_WHAT TO PRODUCE:_ Go to the line with "Turquoise Paris Passport" in the records below, then output it and each following line exactly, up to and including the line with "Lemon Yellow Color". Skip pictures and add nothing.

_EXERCISE INPUT:_

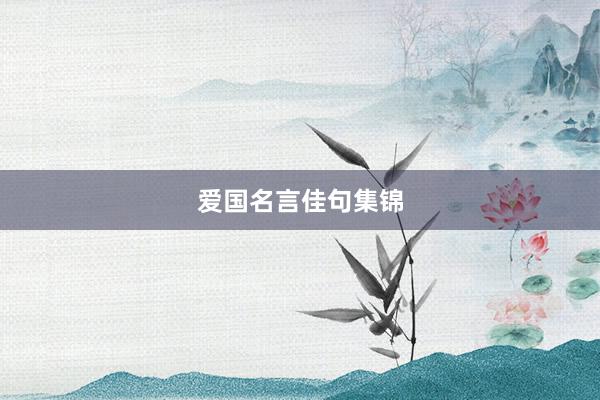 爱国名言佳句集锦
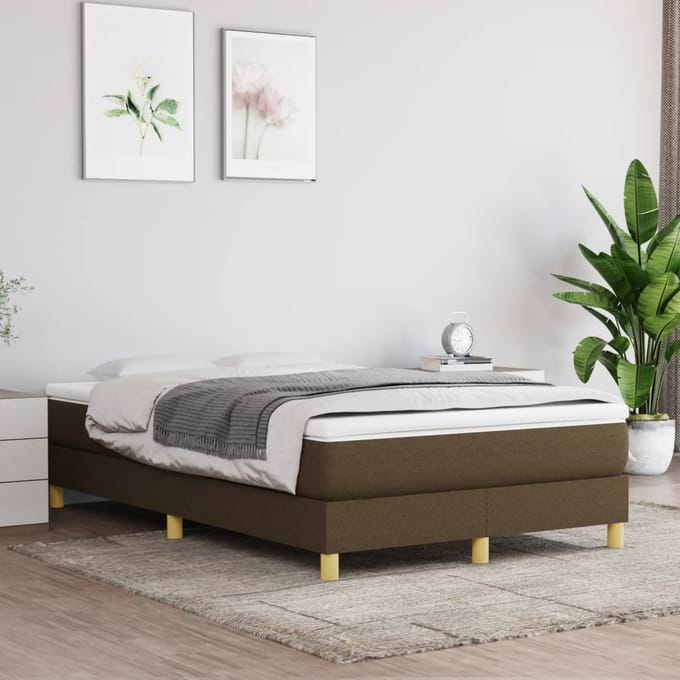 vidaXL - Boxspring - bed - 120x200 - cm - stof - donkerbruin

--

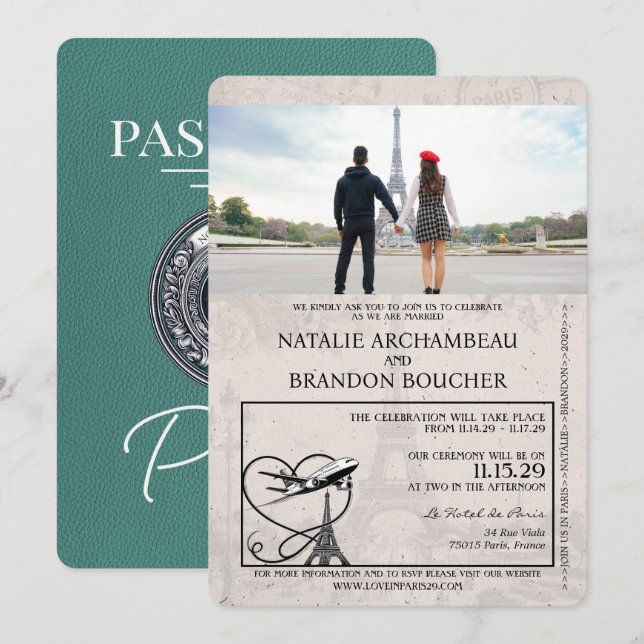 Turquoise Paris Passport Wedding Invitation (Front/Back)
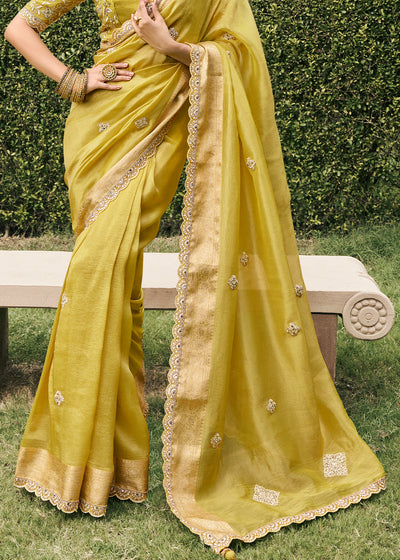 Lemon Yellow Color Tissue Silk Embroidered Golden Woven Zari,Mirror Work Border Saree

...

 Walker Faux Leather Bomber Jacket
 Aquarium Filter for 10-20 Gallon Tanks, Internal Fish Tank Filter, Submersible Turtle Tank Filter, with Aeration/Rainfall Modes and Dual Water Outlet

_RESULT OF THE EXERCISE:_
 Turquoise Paris Passport Wedding Invitation (Front/Back)
 Lemon Yellow Color Tissue Silk Embroidered Golden Woven Zari,Mirror Work Border Saree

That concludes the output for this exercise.